PROBLEM DETAILS:
Return each entry word for word. Leave the images out.

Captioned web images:
========

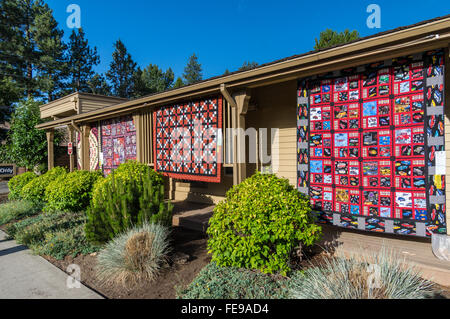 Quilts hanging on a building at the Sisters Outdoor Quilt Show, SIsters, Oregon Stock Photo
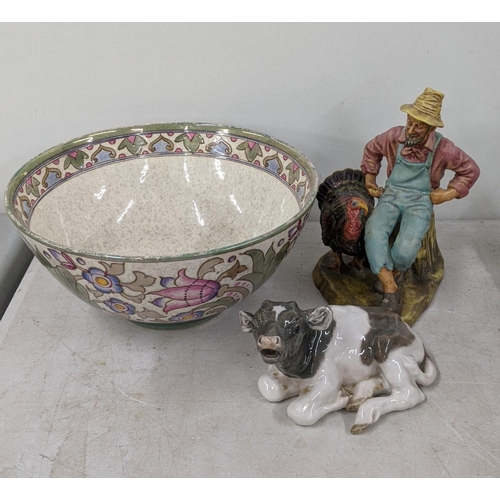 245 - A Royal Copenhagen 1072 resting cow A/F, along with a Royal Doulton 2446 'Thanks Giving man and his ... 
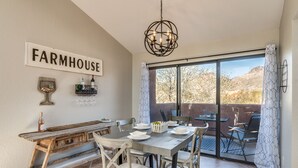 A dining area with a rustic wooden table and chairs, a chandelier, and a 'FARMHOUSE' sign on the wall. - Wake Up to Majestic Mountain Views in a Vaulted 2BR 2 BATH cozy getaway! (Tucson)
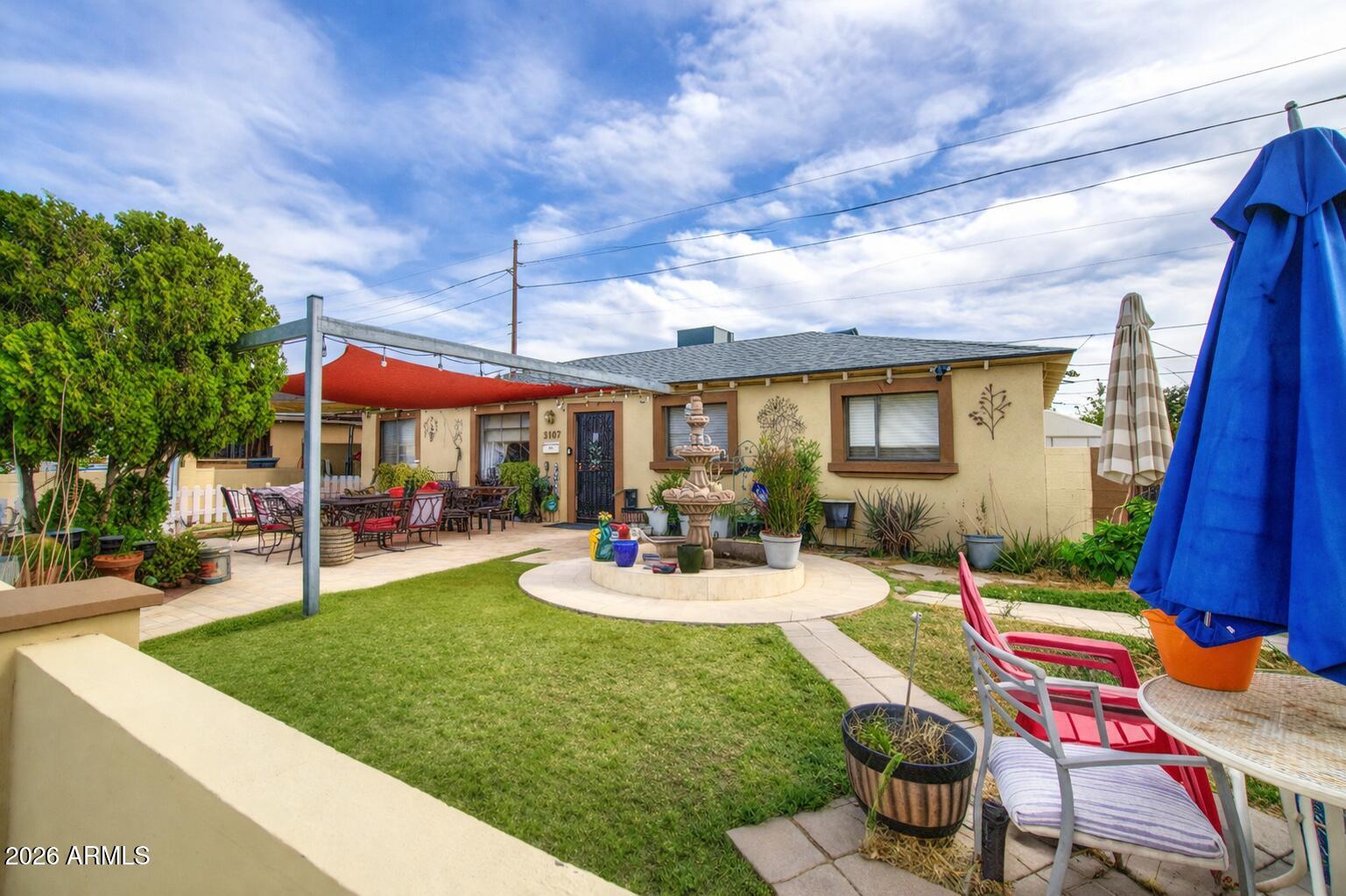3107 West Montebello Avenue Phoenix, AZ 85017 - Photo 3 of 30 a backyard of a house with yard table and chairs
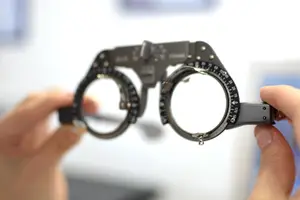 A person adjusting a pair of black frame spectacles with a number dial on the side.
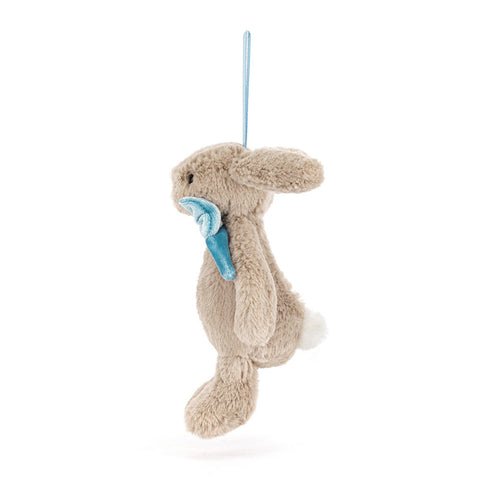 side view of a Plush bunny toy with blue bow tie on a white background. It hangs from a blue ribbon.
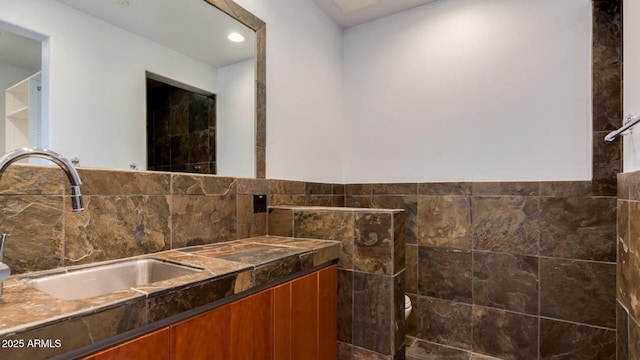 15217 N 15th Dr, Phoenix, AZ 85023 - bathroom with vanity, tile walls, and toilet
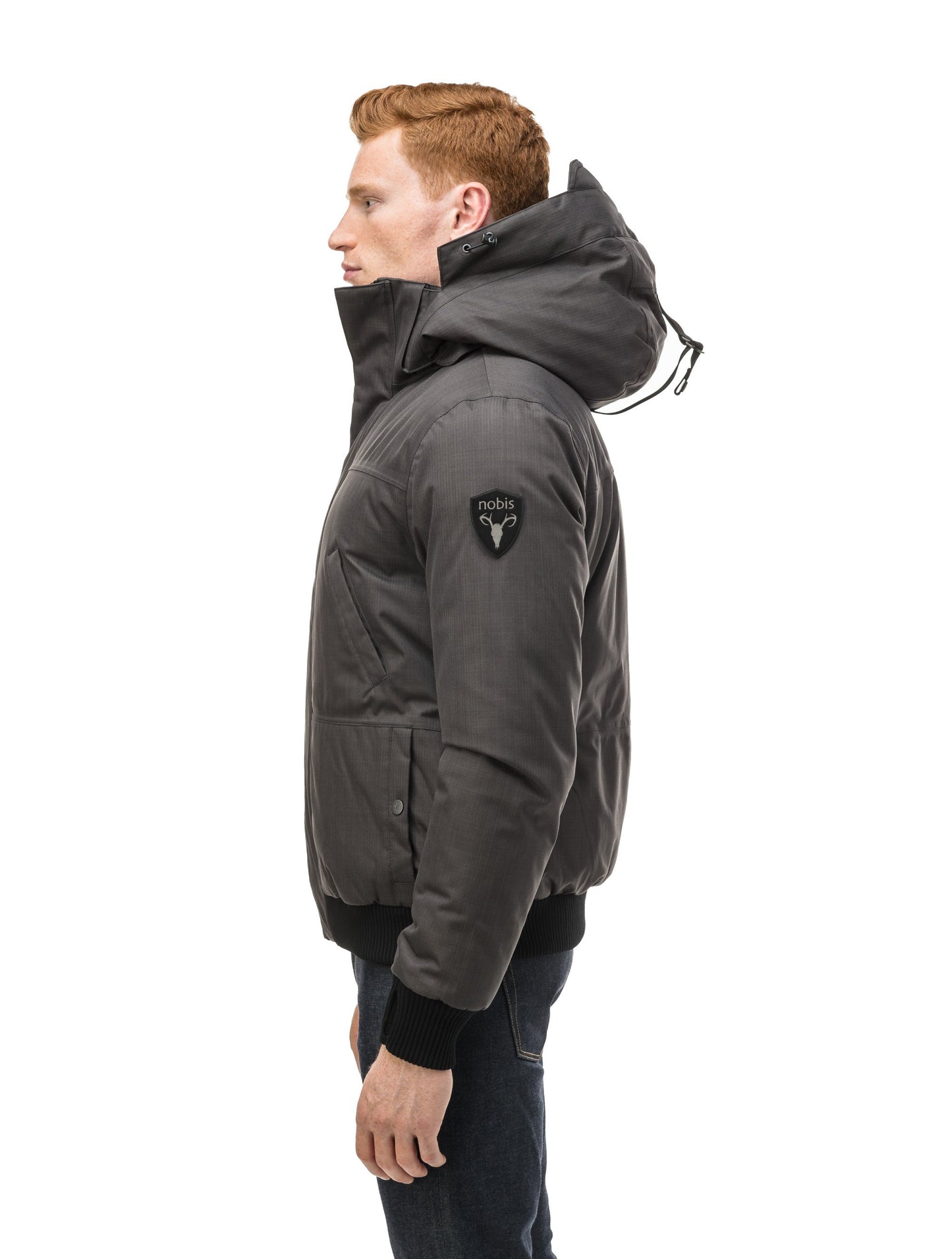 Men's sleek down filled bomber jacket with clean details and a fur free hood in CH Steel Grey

========

SOLUTION TO THIS TASK:
 Quilts hanging on a building at the Sisters Outdoor Quilt Show, SIsters, Oregon Stock Photo
 245 - A Royal Copenhagen 1072 resting cow A/F, along with a Royal Doulton 2446 'Thanks Giving man and his ... 
 A dining area with a rustic wooden table and chairs, a chandelier, and a 'FARMHOUSE' sign on the wall. - Wake Up to Majestic Mountain Views in a Vaulted 2BR 2 BATH cozy getaway! (Tucson)
3107 West Montebello Avenue Phoenix, AZ 85017 - Photo 3 of 30 a backyard of a house with yard table and chairs
 A person adjusting a pair of black frame spectacles with a number dial on the side.
 side view of a Plush bunny toy with blue bow tie on a white background. It hangs from a blue ribbon.
 15217 N 15th Dr, Phoenix, AZ 85023 - bathroom with vanity, tile walls, and toilet
 Men's sleek down filled bomber jacket with clean details and a fur free hood in CH Steel Grey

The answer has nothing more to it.